WORK REQUIRED - Repeat word for word every line of the data below, from the first through the line containing "Camiseta de algodón con cuello redondo AZUL", and stop there.

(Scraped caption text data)
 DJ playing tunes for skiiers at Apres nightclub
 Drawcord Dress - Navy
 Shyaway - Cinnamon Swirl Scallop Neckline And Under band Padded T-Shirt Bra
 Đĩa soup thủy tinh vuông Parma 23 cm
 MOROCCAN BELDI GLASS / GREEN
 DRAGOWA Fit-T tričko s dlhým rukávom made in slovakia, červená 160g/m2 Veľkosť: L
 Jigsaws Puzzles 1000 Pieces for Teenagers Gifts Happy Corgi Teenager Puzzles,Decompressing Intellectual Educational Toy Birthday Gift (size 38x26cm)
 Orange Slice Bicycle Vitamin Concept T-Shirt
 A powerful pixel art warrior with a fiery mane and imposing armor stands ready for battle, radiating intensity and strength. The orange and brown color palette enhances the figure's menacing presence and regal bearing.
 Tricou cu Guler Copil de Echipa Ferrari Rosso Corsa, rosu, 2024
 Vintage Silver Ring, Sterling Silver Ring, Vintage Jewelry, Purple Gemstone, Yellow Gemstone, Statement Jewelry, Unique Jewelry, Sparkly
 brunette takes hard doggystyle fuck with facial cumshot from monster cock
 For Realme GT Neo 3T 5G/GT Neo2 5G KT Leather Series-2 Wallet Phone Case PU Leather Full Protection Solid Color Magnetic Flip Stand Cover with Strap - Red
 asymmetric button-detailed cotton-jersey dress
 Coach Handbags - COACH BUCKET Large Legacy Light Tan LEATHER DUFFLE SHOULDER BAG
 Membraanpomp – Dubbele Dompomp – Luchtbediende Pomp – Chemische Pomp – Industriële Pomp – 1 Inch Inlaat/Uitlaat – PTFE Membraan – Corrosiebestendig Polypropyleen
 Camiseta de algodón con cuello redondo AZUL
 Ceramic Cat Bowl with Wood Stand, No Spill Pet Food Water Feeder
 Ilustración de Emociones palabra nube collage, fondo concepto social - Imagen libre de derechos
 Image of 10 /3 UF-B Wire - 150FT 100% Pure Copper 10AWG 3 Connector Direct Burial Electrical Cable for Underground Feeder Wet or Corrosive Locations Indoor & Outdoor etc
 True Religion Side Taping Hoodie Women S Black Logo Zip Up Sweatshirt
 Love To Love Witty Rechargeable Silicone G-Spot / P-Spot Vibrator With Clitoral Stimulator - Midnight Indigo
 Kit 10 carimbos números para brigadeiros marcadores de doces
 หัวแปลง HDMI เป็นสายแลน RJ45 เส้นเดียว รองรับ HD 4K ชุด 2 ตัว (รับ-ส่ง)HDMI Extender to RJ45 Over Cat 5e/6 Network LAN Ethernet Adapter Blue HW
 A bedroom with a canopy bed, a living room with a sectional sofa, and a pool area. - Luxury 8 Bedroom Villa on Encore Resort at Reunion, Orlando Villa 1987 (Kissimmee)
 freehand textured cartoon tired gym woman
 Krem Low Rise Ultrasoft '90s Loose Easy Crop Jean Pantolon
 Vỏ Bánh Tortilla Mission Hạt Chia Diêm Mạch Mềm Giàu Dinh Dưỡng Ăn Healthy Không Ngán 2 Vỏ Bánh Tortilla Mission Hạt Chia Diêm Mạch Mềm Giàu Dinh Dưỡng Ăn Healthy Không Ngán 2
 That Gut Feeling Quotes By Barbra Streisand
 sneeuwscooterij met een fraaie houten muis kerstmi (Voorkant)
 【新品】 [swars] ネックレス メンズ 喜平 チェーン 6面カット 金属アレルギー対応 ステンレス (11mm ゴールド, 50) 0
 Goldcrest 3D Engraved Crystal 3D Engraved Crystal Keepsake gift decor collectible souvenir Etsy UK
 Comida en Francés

EXPECTED ANSWER -
 DJ playing tunes for skiiers at Apres nightclub
 Drawcord Dress - Navy
 Shyaway - Cinnamon Swirl Scallop Neckline And Under band Padded T-Shirt Bra
 Đĩa soup thủy tinh vuông Parma 23 cm
 MOROCCAN BELDI GLASS / GREEN
 DRAGOWA Fit-T tričko s dlhým rukávom made in slovakia, červená 160g/m2 Veľkosť: L
 Jigsaws Puzzles 1000 Pieces for Teenagers Gifts Happy Corgi Teenager Puzzles,Decompressing Intellectual Educational Toy Birthday Gift (size 38x26cm)
 Orange Slice Bicycle Vitamin Concept T-Shirt
 A powerful pixel art warrior with a fiery mane and imposing armor stands ready for battle, radiating intensity and strength. The orange and brown color palette enhances the figure's menacing presence and regal bearing.
 Tricou cu Guler Copil de Echipa Ferrari Rosso Corsa, rosu, 2024
 Vintage Silver Ring, Sterling Silver Ring, Vintage Jewelry, Purple Gemstone, Yellow Gemstone, Statement Jewelry, Unique Jewelry, Sparkly
 brunette takes hard doggystyle fuck with facial cumshot from monster cock
 For Realme GT Neo 3T 5G/GT Neo2 5G KT Leather Series-2 Wallet Phone Case PU Leather Full Protection Solid Color Magnetic Flip Stand Cover with Strap - Red
 asymmetric button-detailed cotton-jersey dress
 Coach Handbags - COACH BUCKET Large Legacy Light Tan LEATHER DUFFLE SHOULDER BAG
 Membraanpomp – Dubbele Dompomp – Luchtbediende Pomp – Chemische Pomp – Industriële Pomp – 1 Inch Inlaat/Uitlaat – PTFE Membraan – Corrosiebestendig Polypropyleen
 Camiseta de algodón con cuello redondo AZUL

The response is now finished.